Si ces recommandations aboutissent, un texte de loi devrait arriver sur les bancs du Parlement européen à l’automne 2009.
« Ces sujets seront à traiter en priorité par le prochain Parlement. Si une majorité de gauche est élue aux élections de juin prochain, ce sera l’un de nos grands sujets d’action. Tout comme
la question de l’architecture financière », souligne Pervenche Berès. Ensuite aux États, qui en ont la compétence, de fixer des règles plus strictes d’encadrement des
rémunérations.
Scandales en série
Année Dirigeant Pays Entreprise Parachute doré
2005 Daniel Bernard France Carrefour 38 millions euros
2006 Noël Forgeard France EADS 8,5 millions euros
2007 Serge Tchuruk France Alcatel 5,7 millions euros
2007 Antoine Zacharias France Vinci 13 millions euros
2008 Patricia Russo France Alcatel 6 millions euros
2009
Fred Goodwin
Royaume-Uni
Royal Bank of Scotland
650 000 livres (726 000 euros)
de retraite annuelle à vie
2009 Douglas Poling États-Unis AIG (assurances) 6,4 millions de dollars
2009 Thierry Morin France Valeo 3,2 millions d’euros
Exemples à suivre
Les Pays-Bas montrent la voie
Le 9 septembre 2008, le Parlement néerlandais est devenu le premier au monde à voter une loi visant à limiter les rémunérations outrageuses de certains grands chefs d’entreprise. Depuis le 1 er janvier 2009, les PDG et directeurs des 90 sociétés cotées à la Bourse d’Amsterdam doivent payer 30 % d’impôt de plus sur leurs primes, s’ils gagnent plus de 500 000 euros annuels net, et si ces primes dépassent leur salaire annuel. Les sociétés s’exposent, quant à elles, à une très lourde pénalité : 15 % d’impôts supplémentaires sur leurs bénéfices si elles augmentent un directeur à quelques mois d’un départ. Enfin, les 700 directeurs de fonds d’investissement du pays doivent reverser au fisc 25% des revenus tirés des actions qu’ils détiennent dans leur propre société.

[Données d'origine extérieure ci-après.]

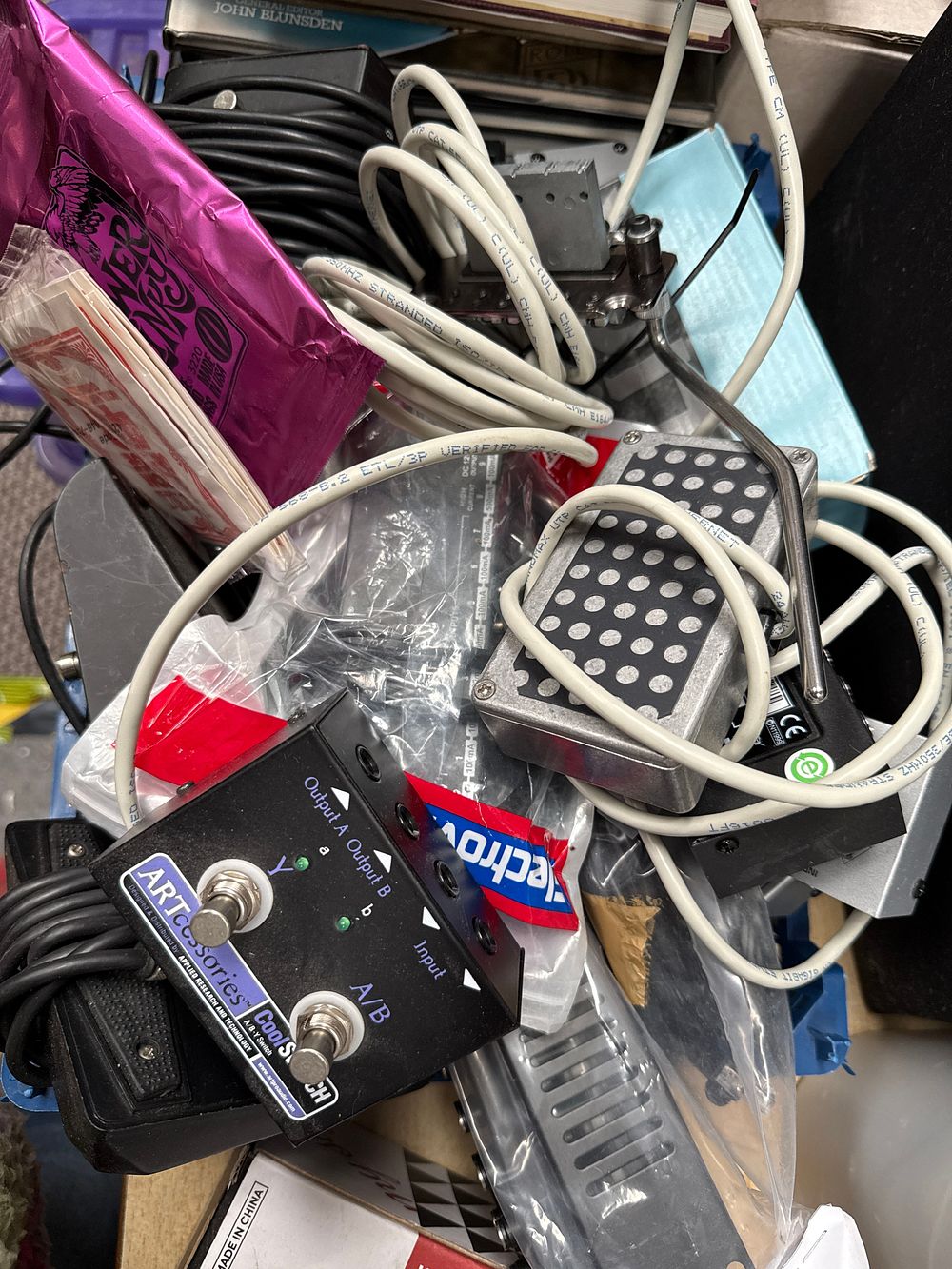 Lot 518: ART CoolSwitch A/B-Y Switch and Behringer MicroHD HD400 With Assorted Accessories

Avec la crise et de nouveaux scandales, les Pays-Bas veulent même aller plus loin. Le Parlement discute plusieurs mesures, comme l’embargo sur les primes.
Aux Etats-Unis, un cadre plus strict
Barack Obama a déjà plafonné à 500 000 dollars par an le salaire des dirigeants de banques qui ont bénéficié d’une aide fédérale, et annulé la possibilité de parachutes dorés en cas de licenciement pour les dix plus hauts responsables de ces groupes. Et des mesures plus sévères sont prévues pour limiter les rémunérations des patrons dans le secteur financier. La Chambre des représentants a déjà voté un texte qui taxerait les bonus à hauteur de 90 % d’une entreprise aidée par l’Etat.